Search code examples
databasedatabase-designdata-warehouse

Data warehouse design - periodic snapshot with frequently changing dimension keys


Imagine a fact table with a summation of measures over a time period, say 1 hour.

Start Date          | Measure 1 | Measure 2
-------------------------------------------
2018-09-08 00:00:00 | 5         | 10
2018-09-08 00:01:00 | 12        | 20

Ideally we want to maintain the grain such that each row is exactly 1 hour. However, each row references dimensions which might ‘break’ the grain. For instance:

Start Date          | Measure 1 | Measure 2 | Dim 1
---------------------------------------------------
2018-09-08 00:00:00 | 5         | 10        | key 1
2018-09-08 00:01:00 | 12        | 20        | key 2

It is possible that the dimension value may change 30 minutes into the hour in which case, the above would be inaccurate and should be represented like this:

Start Date          | Measure 1 | Measure 2 | Dim 1
---------------------------------------------------
2018-09-08 00:00:00 | 5         | 10        | val 1
2018-09-08 00:00:30 | 5         | 10        | val 2
2018-09-08 00:01:00 | 12        | 20        | val 2

In our scenario, the data needs to be sliced by at least 5 dimension keys with queries like:

sum(measure1) where dim1 = x and dim2 = y..

Is there a design pattern for this requirement? I have considered ‘periodic snapshots’ but I have not read anywhere about this kind of row splitting on dimension changes.

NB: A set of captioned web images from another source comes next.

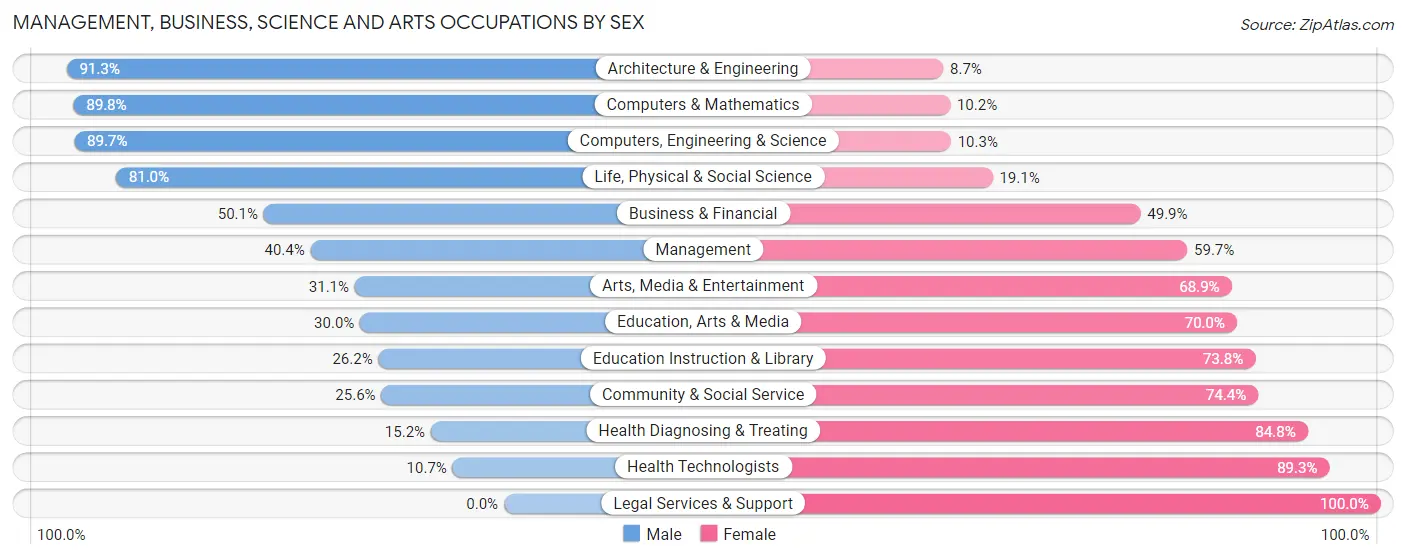 Management, Business, Science and Arts Occupations by Sex in Mounds View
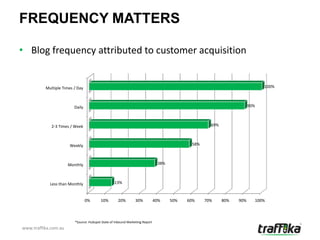FREQUENCY MATTERS

• Blog frequency attributed to customer acquisition


          Multiple Times / Day                                                                                              100%



                         Daily                                                                                        90%



             2-3 Times / Week                                                                       69%



                      Weekly                                                                58%



                      Monthly                                                  38%



            Less than Monthly                     13%



                                 0%      10%        20%         30%           40%    50%   60%    70%     80%   90%     100%



                         *Source: Hubspot State of Inbound Marketing Report
www.traffika.com.au
 
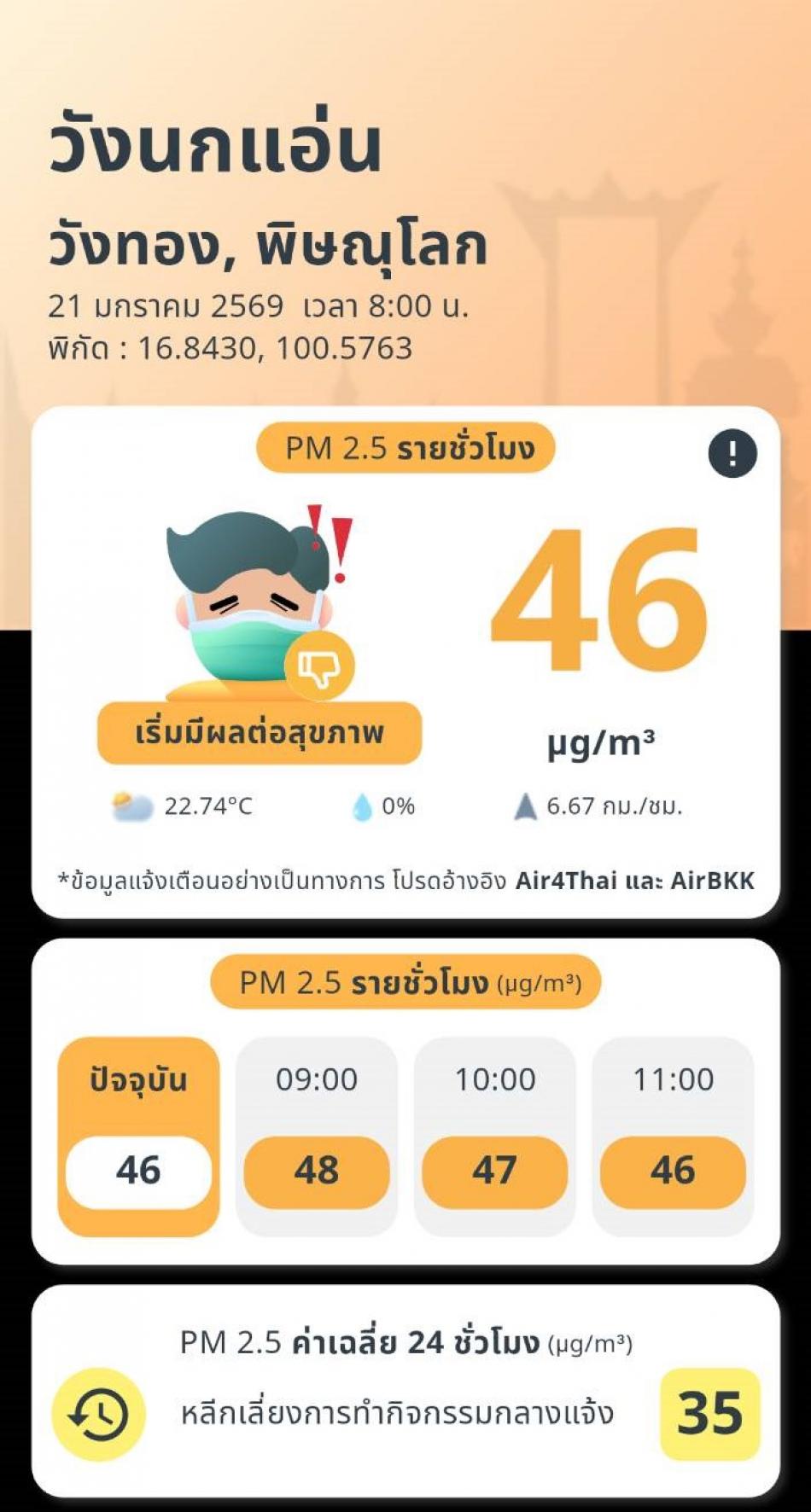  แจ้งสถานการณ์ฝุ่นละออง PM 2.5 ในพื้นที่ตำบลวังนกแอ่น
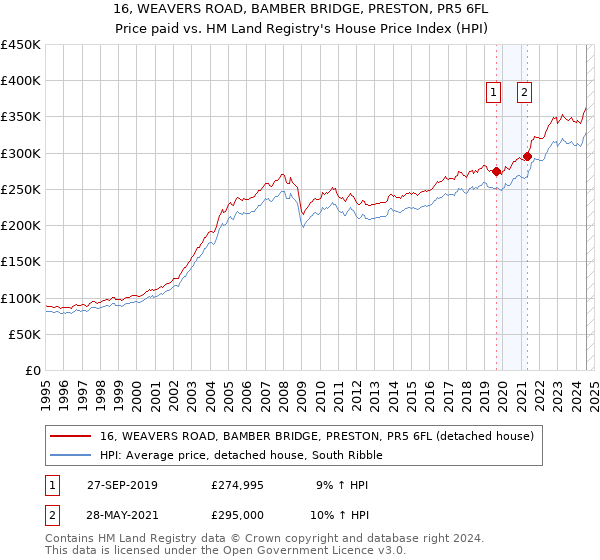 16, WEAVERS ROAD, BAMBER BRIDGE, PRESTON, PR5 6FL: Price paid vs HM Land Registry's House Price Index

I can see only two options:

  1. Store the dimension values that were most present on each row (e.g. if a dimension value was true for the majority of the time in the hour, use this value). This would lead to some loss of accuracy.
  2. Split each row on every dimension change. This is complex in the ETL, creates more data and breaks the granularity rule in the fact table.

Option 2 is the current solution and serves the purpose but is harder to maintain. Is there a better way to do this, or other options?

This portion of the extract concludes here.